I was ready to take the policy and practice work I had done at local and state level to the national level. Joining NCALL’s talented, groundbreaking, and committed team was a privilege and felt like a natural next step in my career. I hoped to contribute lessons I had learned in the criminal justice and regulatory systems to the work NCALL was doing. I was eager to work alongside of and learn from NCALL’s Director, Bonnie Brandl, whose work I admired as a leader in the elder abuse field, Ann Turner, whose work as an advocate was well-known in Wisconsin, and others associated with NCALL.

In my role as NCALL’s Justice Systems’ Coordinator, I worked with communities across the country to establish Elder Abuse Coordinated Community Response (CCR) Teams and provide elder abuse training to law enforcement, prosecutors, and judges, among others.  I enjoyed working closely with rural, urban, and tribal communities to develop programs that fit their needs, laws, resources, and populations.  I was excited to be able to share ideas within and across communities, help shape policies and practices related to abuse in later life and work with dedicated professionals who truly cared and wanted to make a difference.

NCALL had been (and continues to be) a leader in the elder abuse prevention and intervention field.
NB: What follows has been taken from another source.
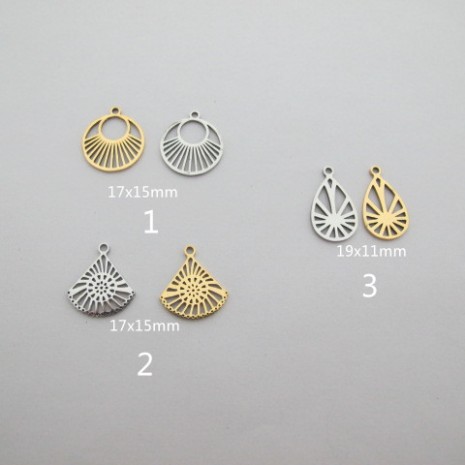 10 pcs pendentif acier inoxydable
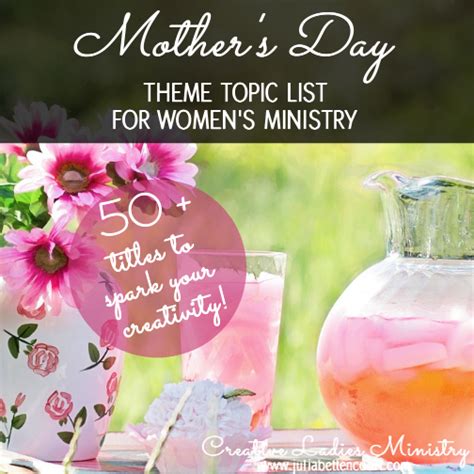 Last Minute Mother Daughter Banquet Planning Ladies Ministry Mothers Day Theme Mother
I hoped to contribute to their work, especially in shaping systems’ responses to this important issue.  I also hoped to contribute to the national dialog about adequately funding resources to address and prevent abuse in later life.

What do you see as NCALL’s biggest impact over the last 20 years?

NCALL’s work with the Department of Justice, Office on Violence Against Women has been instrumental in shaping the awareness and approach to abuse in later life in across the country and internationally.  Twenty years ago, elder abuse was hidden or excused.  Physical and emotional abuse or neglect by family members was attributed to “caregiver stress.”  As a result, the focus and resources were on helping the caregiver, not the victim.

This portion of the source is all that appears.